Pride matters to me. My first Pride was not in Plymouth; it was Brighton Pride. I was young. I had brown hair in those days. I had an amazing time—and that is where I will put a full stop against it. It was fabulous. We all remember our first Pride: it is liberating, it is freeing and you get a real sense of knowing who you are. We need to ensure that 50 years of Pride are celebrated, we need to mark what has happened, and we need to celebrate the local Prides. Plymouth Pride on 13 and 14 August this year will be brilliant; I will be there. London Pride on Saturday will be brilliant, and I will be there as well.

Pride Month reminds us of the extraordinary progress that we have made in the past 50 years. Since the first Pride protest in 1972, we have achieved huge milestones in this country: equal marriage; gay adoption; gay and bisexual men being able to donate blood; the end of section 28; the equalisation of the age of consent; LGBT personnel serving in our armed forces, and so much more. But the LGBT community has never been a homogeneous blob of people; we have always been different, and it is that celebration of individualism, and our collective bonds, that has defined the past 50 years. To put it another way, we are all different, and we are all equal. However, the achievements of the past 50 years have created a belief among many that equality is a one-way street—that things only ever get better. There is a sense of the inevitability of progress. That is welcome—I am an optimist, and I want things to only ever get better—but we need to challenge the belief that while we must accept some bumps in the road, a challenge here or there, perhaps an obstacle to climb over, things will always get better, because it has led to a political consequence, the consequence of comfortable complacency.
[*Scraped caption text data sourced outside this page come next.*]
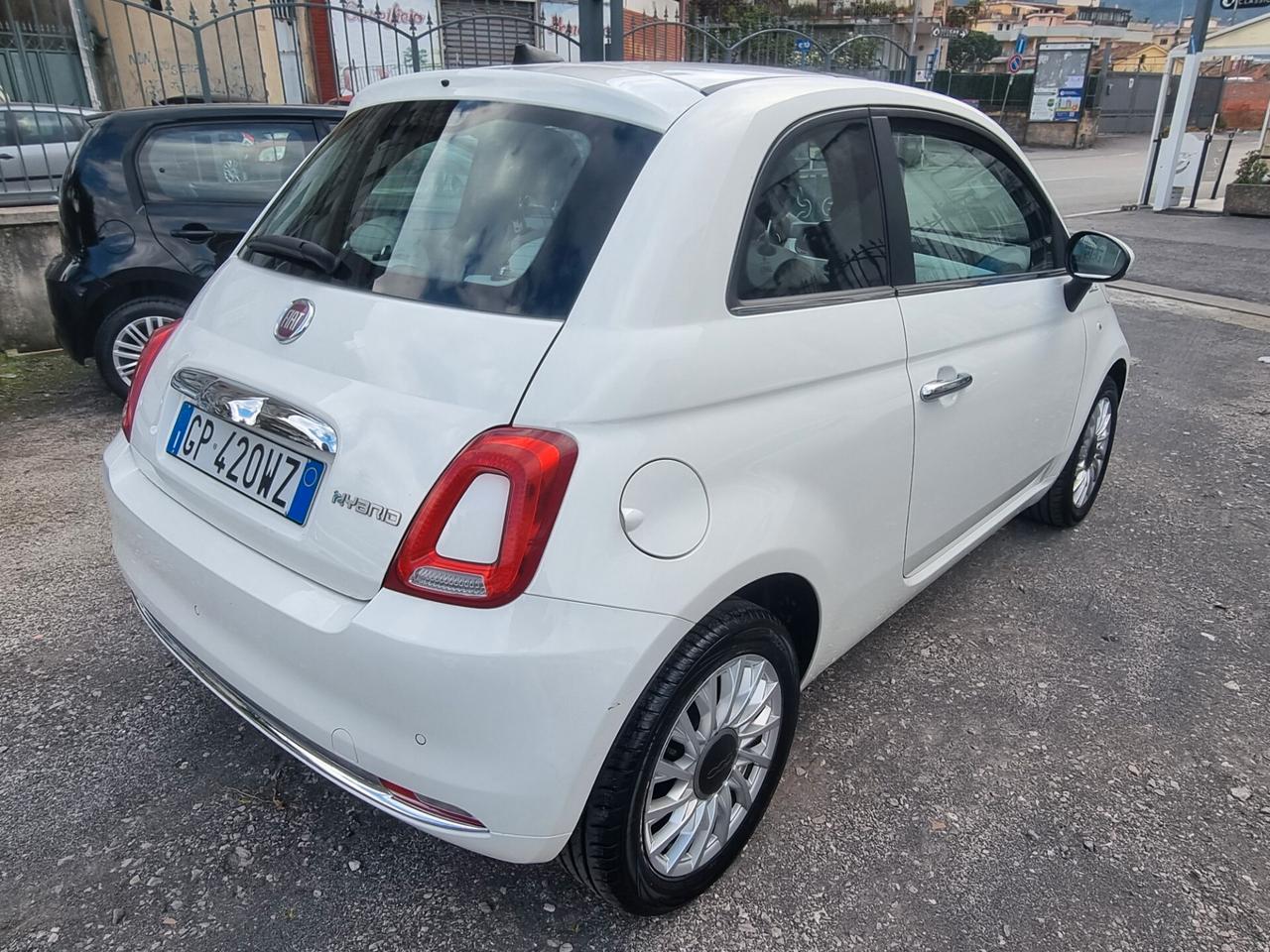 Fiat 500 1.0 Hybrid Dolcevita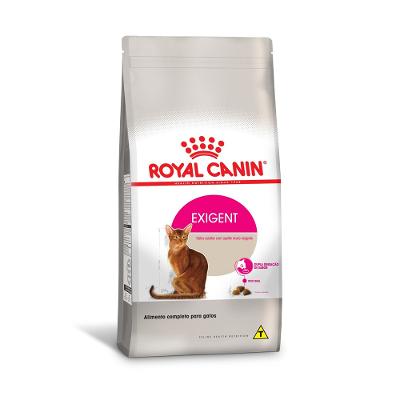 Ração Seca Royal Canin Exigent para Gatos Adultos com Paladar Exigente 1,5Kg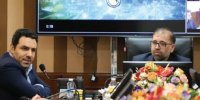 رئیس هیات‌مدیره «اهداف» از نفت سپاهان بازدید به عمل آورد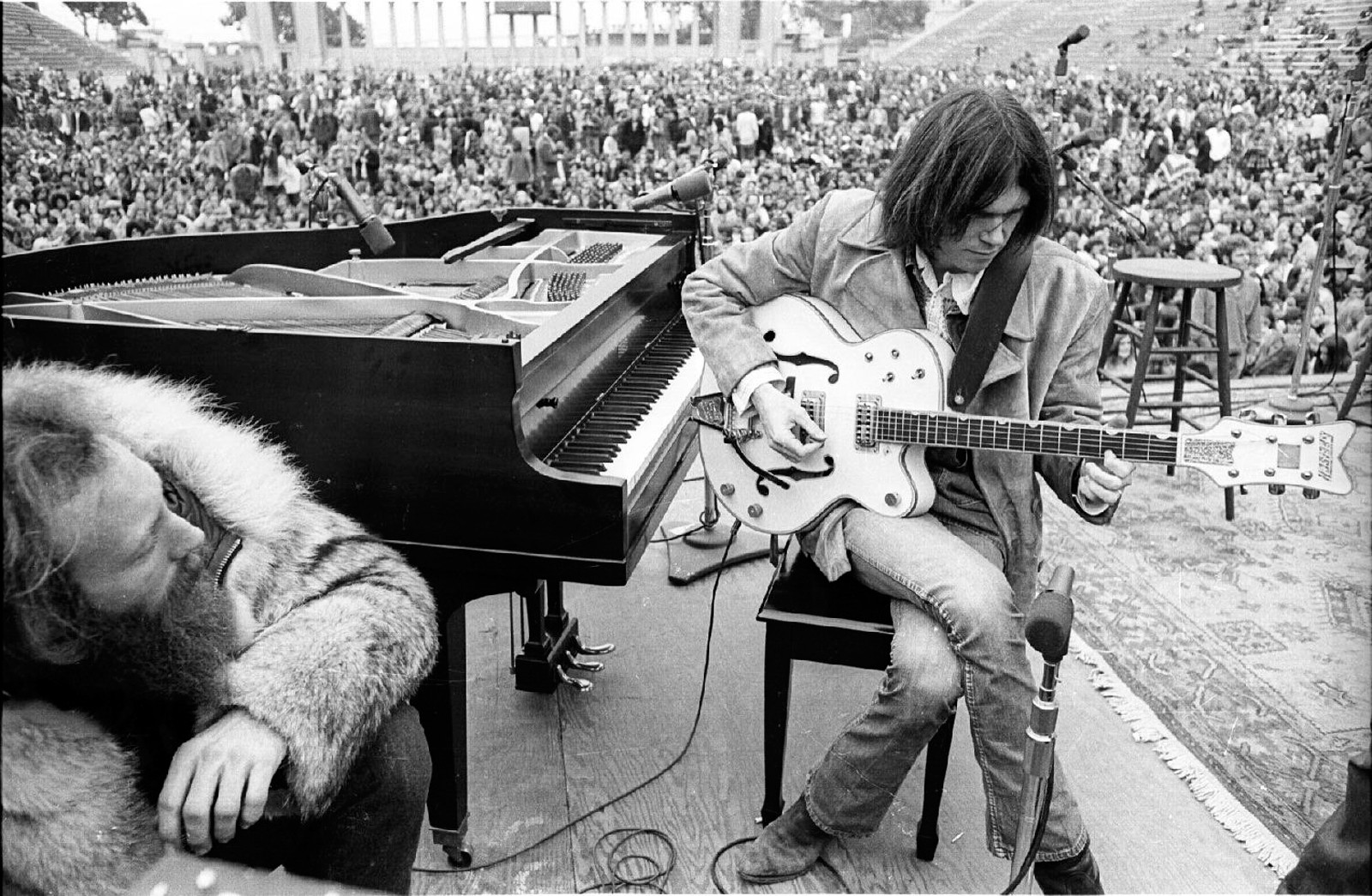 Neil Young, 1969, foto Henry Diltz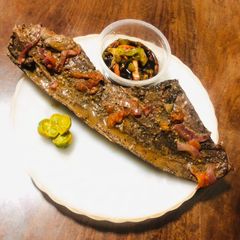 A picture of Lemon Soy Tuna | Fish Recipes.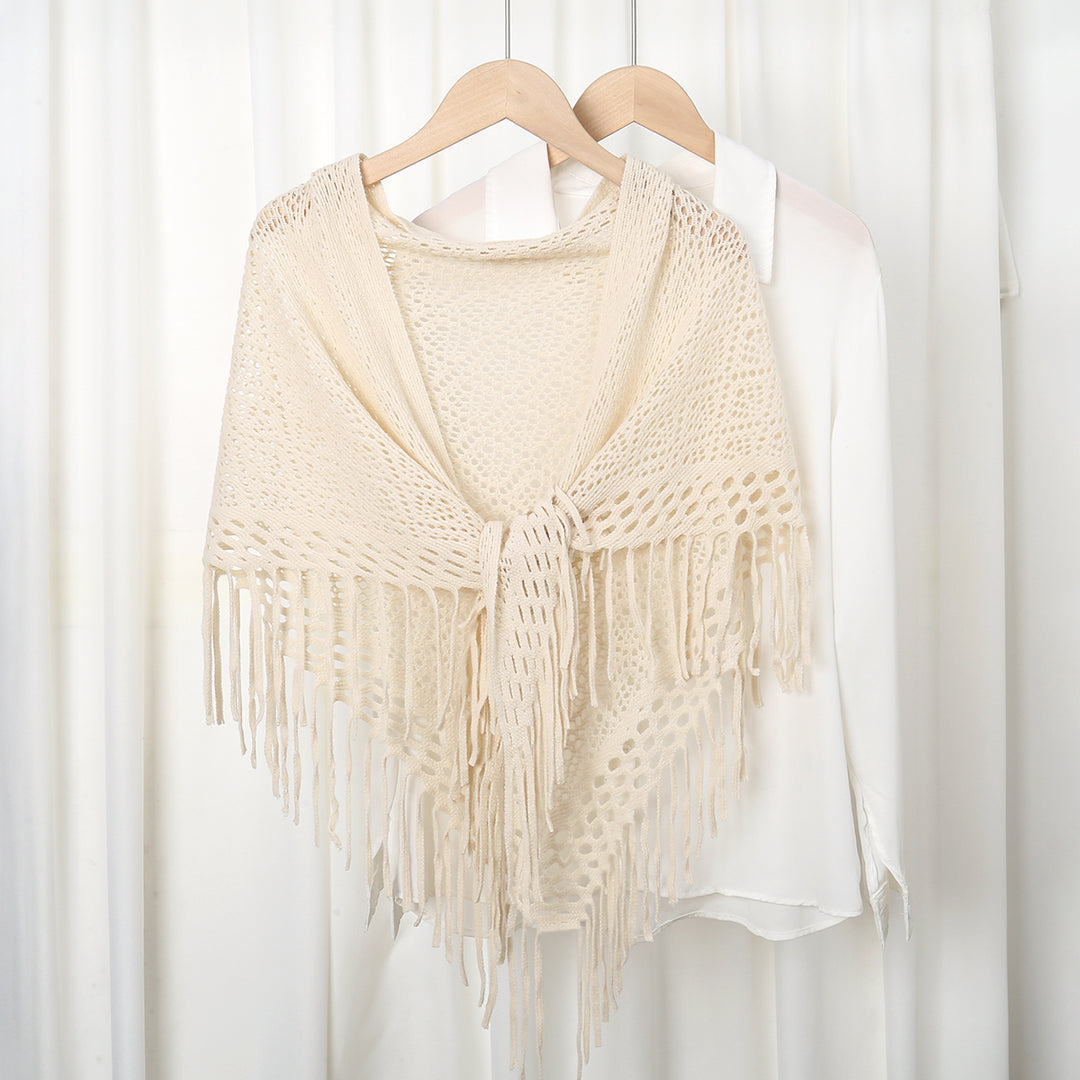 Knitted Cardigan Shawl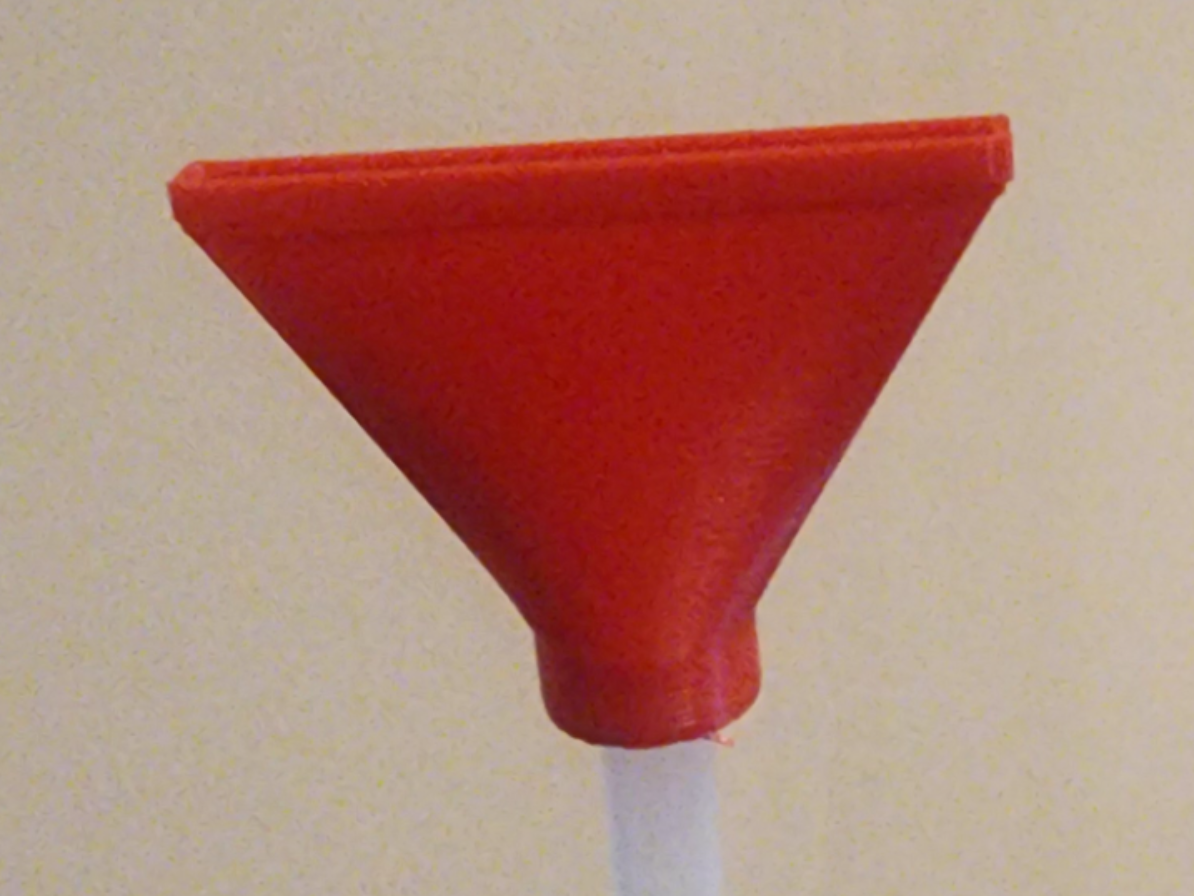Spray Foam Flat Nozzle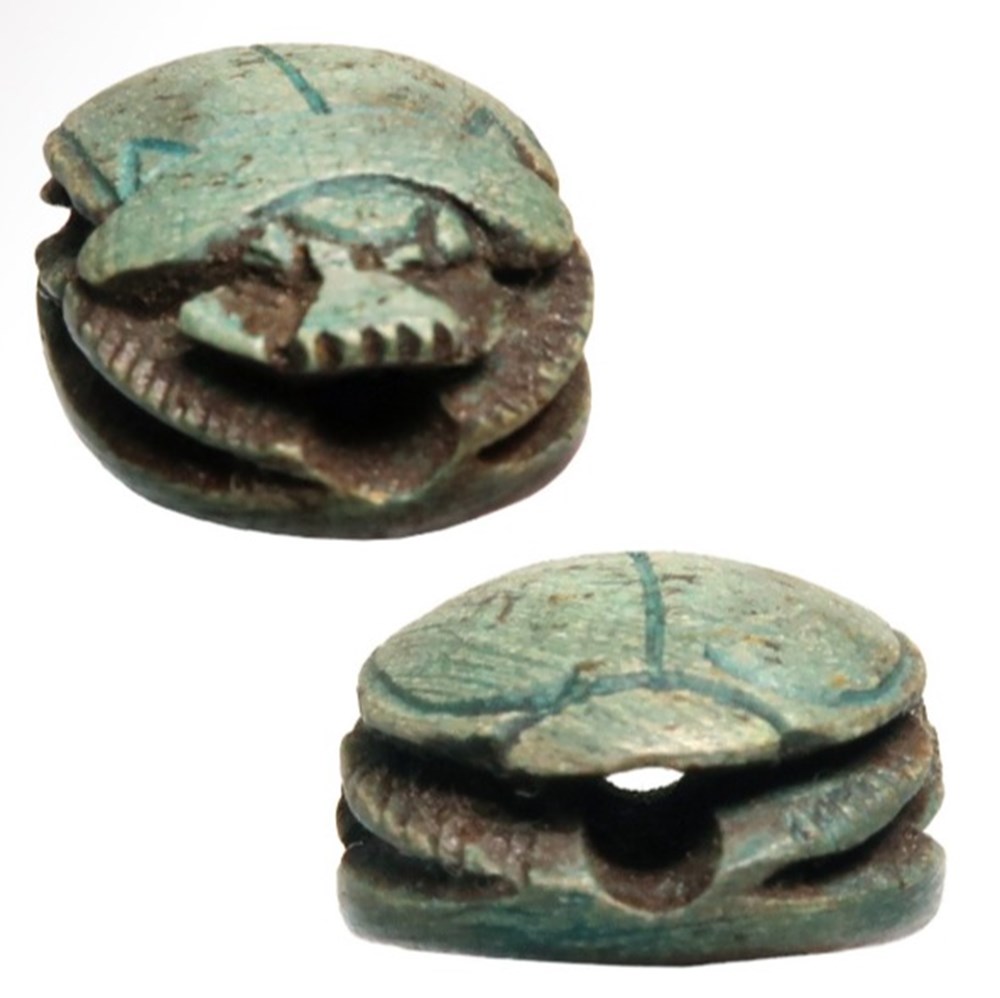 kunst antiquitaten archaologie afrika scarab amenhotep iii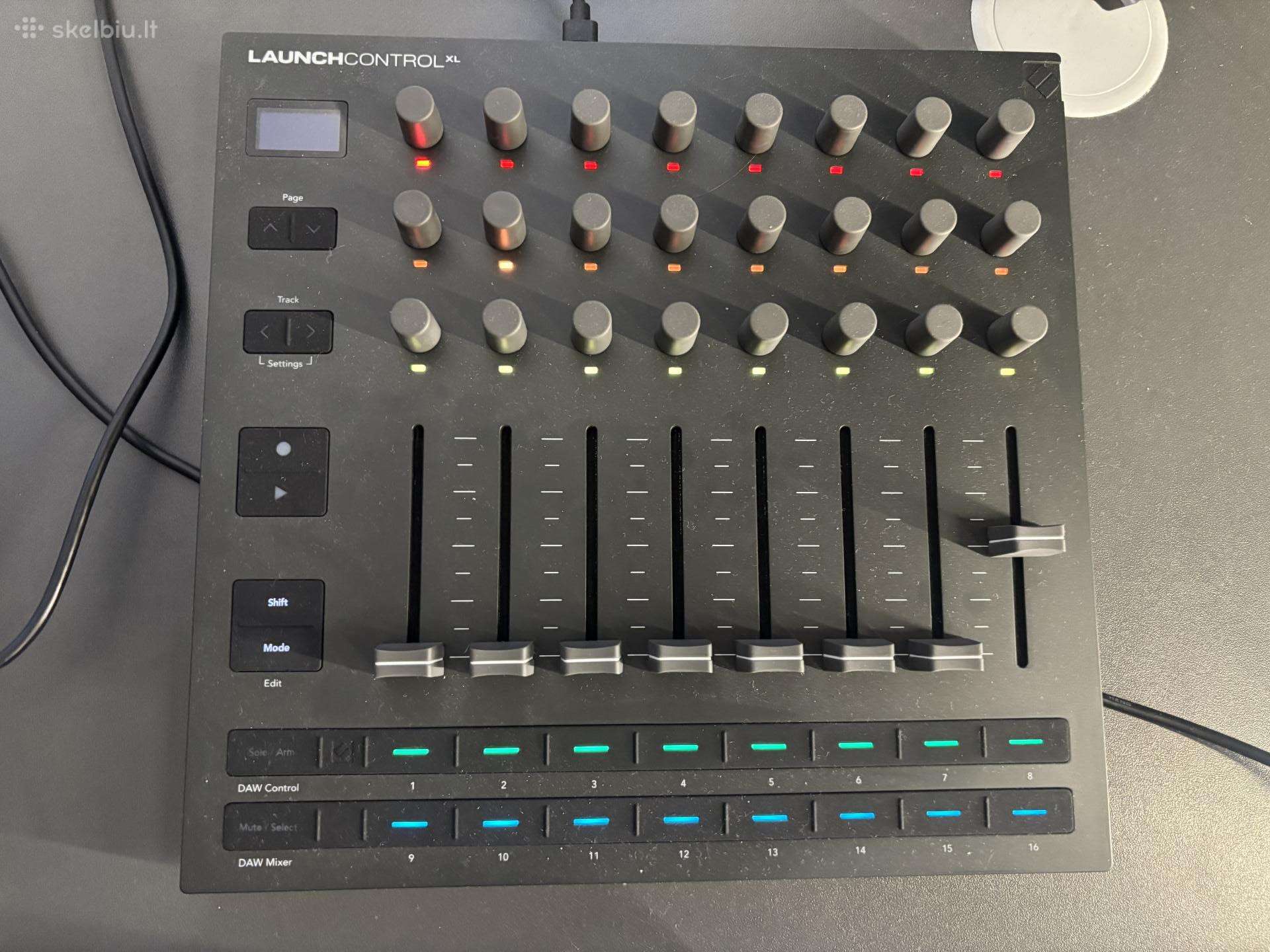 Parduodu Novation Launchcontrol XL Mk3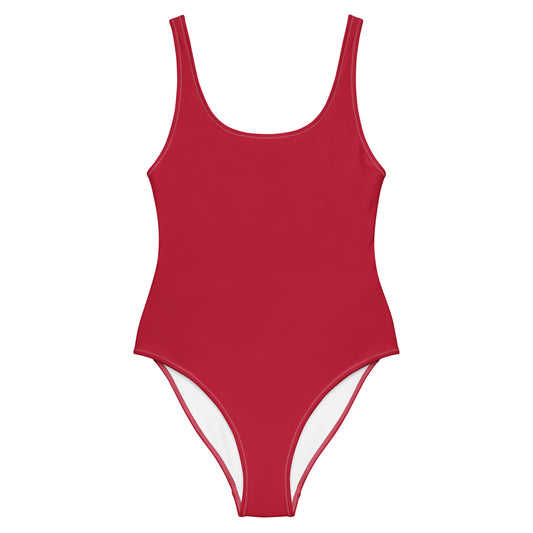 one-piece-swimsuit-red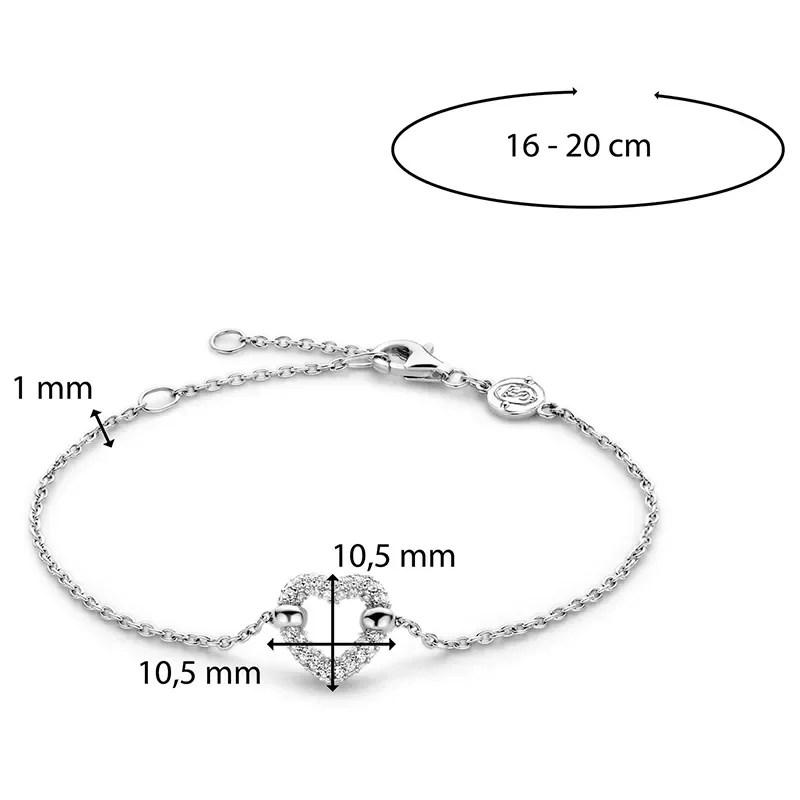 TI SENTO - MILANO BRACELET 23017ZI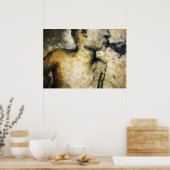 Poster blowing smoke (Cuisine)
I speak on the basis of my own experience as a cisgender gay man when I say that many of the members of the community with whom I associate most frequently have fallen into that trap of comfortable complacency. It is often affluent cisgender gay men who dominate the LGBT+ debates, taking the lion’s share of comment and the lion’s share of the voice. They sometimes complain about there being politics in Pride. I am sure that every Member in the House has heard this at some point: “Why is there politics in Pride? We shouldn’t have that; it is about rainbows.” We have politics in Pride because without the politics, there would be no Pride.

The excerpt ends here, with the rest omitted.